I know that this is a known theorem but I can't find its proof. The theorem is:
The write-contention of any $n$-process wait-free consensus algorithm (implemented from any read-modify-write operations) is $n$.
Can someone link me to a proof or an explanation?
This is the classical "critical-state argument", also called "bivalence argument", used by Fischer, Lynch, and Paterson to prove the impossibility of consensus in an asynchronous message-passing system where one processor may fail.
For (wait-free) binary consensus, the critical-state argument says that there must exist a state S of the system such that both decisions are still possible starting from S, but for every immediate successor S' of S the decision is determined. Thus we can partition the processors into two teams $\Pi_0$ and $\Pi_1$ such that a step of a processor from team $\Pi_0$ from S eventually results in decision 0 while a step of a processor from team $\Pi_1$ from S eventually results in the decision 1.

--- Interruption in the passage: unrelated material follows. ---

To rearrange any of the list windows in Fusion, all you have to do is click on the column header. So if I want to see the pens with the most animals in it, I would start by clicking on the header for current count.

Now suppose that, in S, the next step of processor $p_0$ is to modify object $O_1$, and the next step of processor $p_1$ is to modify object $O_2\neq O_1$. Wlog we can assume $p_0\in\Pi_0$ and $p_1\in\Pi_1$. Since $O_2\neq O_1$, the steps of $p_0$ and $p_1$ commute and lead to the same state S'' regardless of their order. Moreover, since $p_0\in\Pi_0$, the consensus decision from S'' is 0. However, since $p_1\in\Pi_1$, the consensus decision from S'' is also 1, which is a contradiction.
The case in which some processors are about to perform a pure read operation similarly leads to a contradiction.
We conclude that in state S, all processors are about to modify the same object. Thus in any consensus algorithm there is at least one system state in which all processors are about to modify the same object.